A pesar de las amenazas del sacerdote, Amós siguió profetizando un tiempo
más, advirtiendo a los israelitas que de nada servía asistir a los templos para
las celebraciones religiosas si no practicaban la justicia, la honestidad y la
rectitud de vida. Fue entonces cuando recibió una última visión: un devastador
terremoto, seguido de una invasión militar (9,1-4). Y comprendió que ya no
había más nada que hacer. El fin estaba cerca. Abandonó pues el reino de
Israel y regresó a su patria, a sus tierras y a sus bueyes. Su carrera de profeta
había terminado.
Una tarde de verano del año 721 a.C., mientras el pastor de Técoa quizás
cuidaba las ovejas en la tranquilidad de su aldea natal, sintió los estruendos de
una feroz invasión militar: eran los asirios, que habían irrumpido en Samaria,
habían destruido el reino y se llevaban deportada a la población del país. Sus
vaticinios finalmente se habían cumplido.

Nunca nadie, antes de Amós, había anunciado una catástrofe de tal


envergadura contra el pueblo de Israel. Por eso sus palabras causaron honda
impresión entre los supervivientes, que años más tarde decidieron recogerlas
en un libro hoy conservado en la Biblia. Fue el primer profeta de quien se
guardaron sus oráculos. El libro contiene 9 capítulos, con sus sermones
ordenados de la siguiente manera:

a) profecías contra los países vecinos de Israel, su primer sermón (c.1-2).
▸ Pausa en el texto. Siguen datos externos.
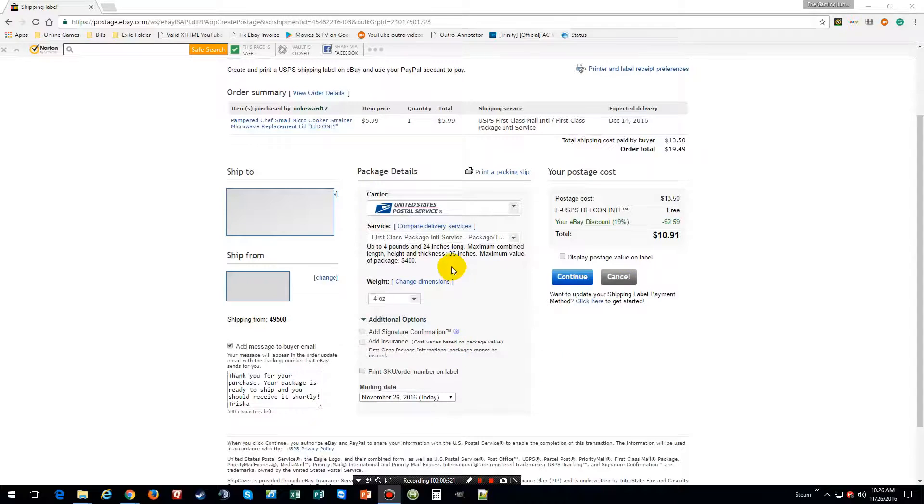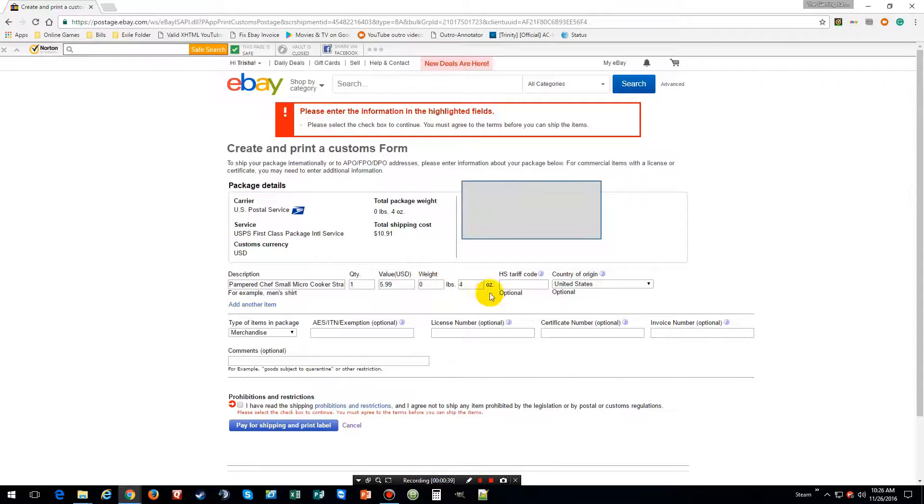I'm not going to worry about insurance, so we click on continue. This is where you enter any information. As you can see under USA merchant, it says optional, optional, optional, optional — so I'm not going to bother putting any of that in. We're going to click OK.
b) profecías contra Israel (c.3-6).

c) las cinco visiones que tuvo, más el relato del enfrentamiento con el
sacerdote Amasías de Betel (c.7-9).

d) para que el libro no resultara tan pesimista, siglos más tarde un autor
anónimo le agregó al final un apéndice esperanzador, anunciando la futura
reconstrucción del reino, la restauración del pueblo y la prosperidad de la tierra,
perdida por la irresponsabilidad de sus dirigentes (9,11-15).

VER LO QUE NO SE VE
Quien quiera conocer a un profeta debe leer a Amós. Porque aunque su
carrera fue muy corta, de apenas pocos meses, sin embargo fue el iniciador del
profetismo escrito en Israel.

Es que Amós se había dado cuenta de la perversión que reinaba en el país.


Había descubierto que las injusticias sociales, la mentira institucionalizada, la
indiferencia ante el sufrimiento ajeno y la hipocresía religiosa habían carcomido
los cimientos de la sociedad, y amenazaban con tirar abajo la estructura
ciudadana. Pero su audacia más grande no fue la de anunciar semejante
tragedia, sino de anunciarla cuando nada hacía preverlo. Cuando sólo se veía
prosperidad y estabilidad económica, en un reino que atravesaba los mejores
años de su historia.

Porque Amós tenía el don de ver donde nadie veía. De comprender, iluminado
por Dios, que las situaciones aparentemente favorables son falaces cuando
están edificadas sobre la pobreza de muchos y el martirio de los desheredados.
Que no puede haber religiosidad sin ética, y que no hay ética sin justicia social.